┌────────
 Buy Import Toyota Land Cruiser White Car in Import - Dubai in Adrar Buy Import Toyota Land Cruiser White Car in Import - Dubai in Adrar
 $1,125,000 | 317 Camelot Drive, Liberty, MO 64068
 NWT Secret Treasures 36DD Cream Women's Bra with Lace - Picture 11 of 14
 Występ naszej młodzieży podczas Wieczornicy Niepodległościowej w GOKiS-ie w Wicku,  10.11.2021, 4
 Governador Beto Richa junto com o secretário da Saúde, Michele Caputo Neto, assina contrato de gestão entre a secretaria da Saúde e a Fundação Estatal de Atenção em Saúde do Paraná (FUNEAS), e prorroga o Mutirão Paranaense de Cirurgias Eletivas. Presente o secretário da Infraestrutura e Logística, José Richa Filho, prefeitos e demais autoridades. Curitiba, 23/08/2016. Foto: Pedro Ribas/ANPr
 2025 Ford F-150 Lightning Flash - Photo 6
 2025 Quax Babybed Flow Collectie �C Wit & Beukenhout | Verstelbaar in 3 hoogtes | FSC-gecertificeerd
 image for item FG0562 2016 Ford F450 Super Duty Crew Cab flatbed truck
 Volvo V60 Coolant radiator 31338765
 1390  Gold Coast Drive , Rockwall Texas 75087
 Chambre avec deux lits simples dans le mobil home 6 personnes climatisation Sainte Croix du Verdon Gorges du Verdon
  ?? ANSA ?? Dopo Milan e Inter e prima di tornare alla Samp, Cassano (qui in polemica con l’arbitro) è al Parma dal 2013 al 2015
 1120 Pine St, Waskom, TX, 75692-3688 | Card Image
└────────
What to produce:
Retype every line of the data, keeping each one exactly as it is.

Answer box:
 Buy Import Toyota Land Cruiser White Car in Import - Dubai in Adrar Buy Import Toyota Land Cruiser White Car in Import - Dubai in Adrar
 $1,125,000 | 317 Camelot Drive, Liberty, MO 64068
 NWT Secret Treasures 36DD Cream Women's Bra with Lace - Picture 11 of 14
 Występ naszej młodzieży podczas Wieczornicy Niepodległościowej w GOKiS-ie w Wicku,  10.11.2021, 4
 Governador Beto Richa junto com o secretário da Saúde, Michele Caputo Neto, assina contrato de gestão entre a secretaria da Saúde e a Fundação Estatal de Atenção em Saúde do Paraná (FUNEAS), e prorroga o Mutirão Paranaense de Cirurgias Eletivas. Presente o secretário da Infraestrutura e Logística, José Richa Filho, prefeitos e demais autoridades. Curitiba, 23/08/2016. Foto: Pedro Ribas/ANPr
 2025 Ford F-150 Lightning Flash - Photo 6
 2025 Quax Babybed Flow Collectie �C Wit & Beukenhout | Verstelbaar in 3 hoogtes | FSC-gecertificeerd
 image for item FG0562 2016 Ford F450 Super Duty Crew Cab flatbed truck
 Volvo V60 Coolant radiator 31338765
 1390  Gold Coast Drive , Rockwall Texas 75087
 Chambre avec deux lits simples dans le mobil home 6 personnes climatisation Sainte Croix du Verdon Gorges du Verdon
  ?? ANSA ?? Dopo Milan e Inter e prima di tornare alla Samp, Cassano (qui in polemica con l’arbitro) è al Parma dal 2013 al 2015
 1120 Pine St, Waskom, TX, 75692-3688 | Card Image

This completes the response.